● Exercise description
Exclude the images and repeat all remaining entries exactly.

● Supplied information
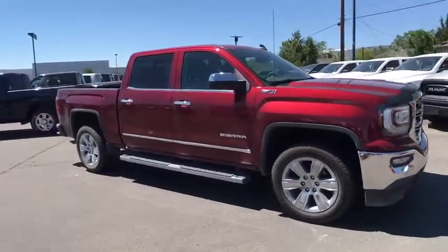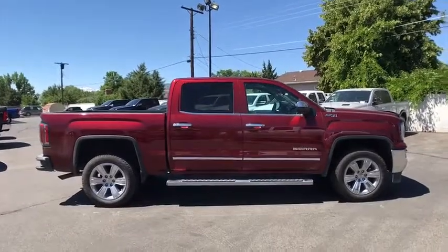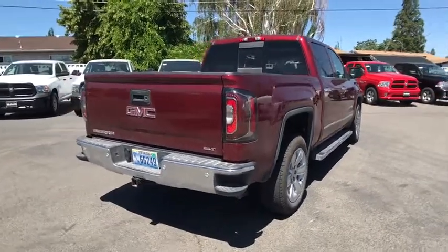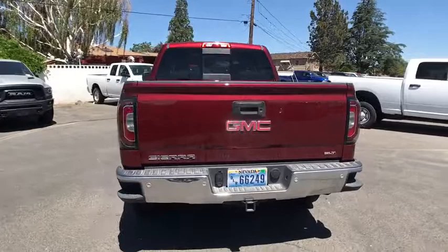The 2016 GMC Sierra 1500. The Sierra 1500 offers a five-star frontal and side crash test rating and a combination of mechanics and aerodynamics that give it better conventional V8 fuel economy than any competitor.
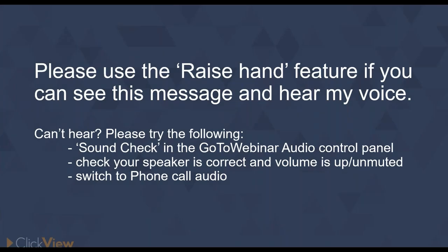Good afternoon everybody and welcome to our webinar. We've got a few people still to come, so in the meantime we might just start off with some technical logistics. If you can raise your hand by clicking on the raise hand icon in GoToWebinar — if you can hear me, if you can see this message on the screen now. Thank you very much. We've got a few people raising their hand.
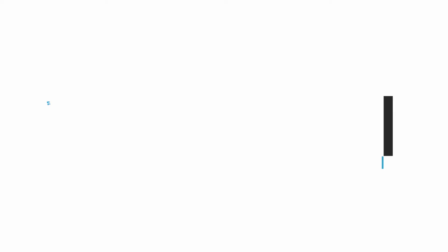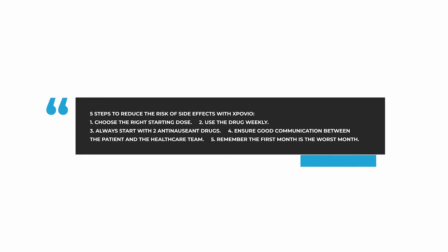As a result, many were afraid to use it or even dismissed it. Now it is being used with a different approach and much more extensively. Today, I would suggest the following five steps be taken to best reduce the risk of side effects with Selinexor: number one, choose the right starting dose; number two, use the drug weekly; number three, always start with two anti-nausea drugs; number four, ensure good communication between the patient and the healthcare team; and number five, remember the first month is the worst month.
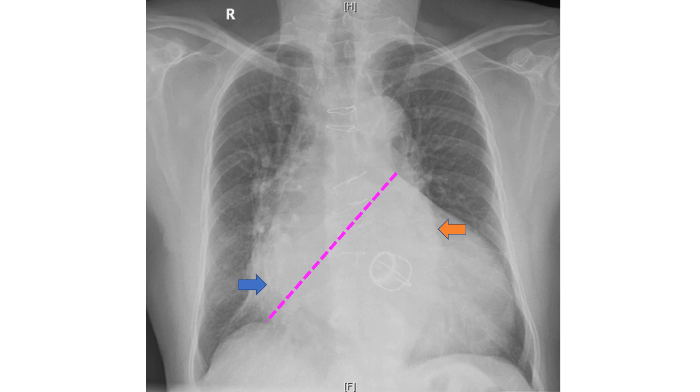Prominent ascending aorta and aortic knuckle, as well as sternotomy suture wires, are visible. The right atrium is enlarged with a shadow within shadow, indicating coexisting left atrial enlargement. Both these can be a sequelae of previous mitral valve disease. The left atrial appendage is not prominent on the left cardiac border, possibly because it was removed during a previous closed surgical mitral valvotomy.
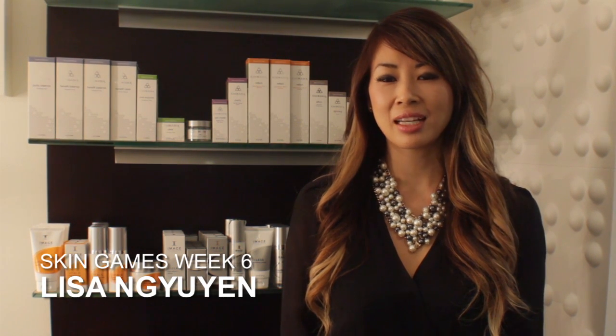Hi, this is Lisa Nguyen, week six of the Skin Games. Last week David's skin was super clear, and I decided to do a 10% glycolic peel combined with the 2% hydroquinone. I boosted it with a retinol booster just to continue to lighten his pigmentation.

● Task output
The 2016 GMC Sierra 1500. The Sierra 1500 offers a five-star frontal and side crash test rating and a combination of mechanics and aerodynamics that give it better conventional V8 fuel economy than any competitor.
Good afternoon everybody and welcome to our webinar. We've got a few people still to come, so in the meantime we might just start off with some technical logistics. If you can raise your hand by clicking on the raise hand icon in GoToWebinar — if you can hear me, if you can see this message on the screen now. Thank you very much. We've got a few people raising their hand.
As a result, many were afraid to use it or even dismissed it. Now it is being used with a different approach and much more extensively. Today, I would suggest the following five steps be taken to best reduce the risk of side effects with Selinexor: number one, choose the right starting dose; number two, use the drug weekly; number three, always start with two anti-nausea drugs; number four, ensure good communication between the patient and the healthcare team; and number five, remember the first month is the worst month.
Prominent ascending aorta and aortic knuckle, as well as sternotomy suture wires, are visible. The right atrium is enlarged with a shadow within shadow, indicating coexisting left atrial enlargement. Both these can be a sequelae of previous mitral valve disease. The left atrial appendage is not prominent on the left cardiac border, possibly because it was removed during a previous closed surgical mitral valvotomy.
Hi, this is Lisa Nguyen, week six of the Skin Games. Last week David's skin was super clear, and I decided to do a 10% glycolic peel combined with the 2% hydroquinone. I boosted it with a retinol booster just to continue to lighten his pigmentation.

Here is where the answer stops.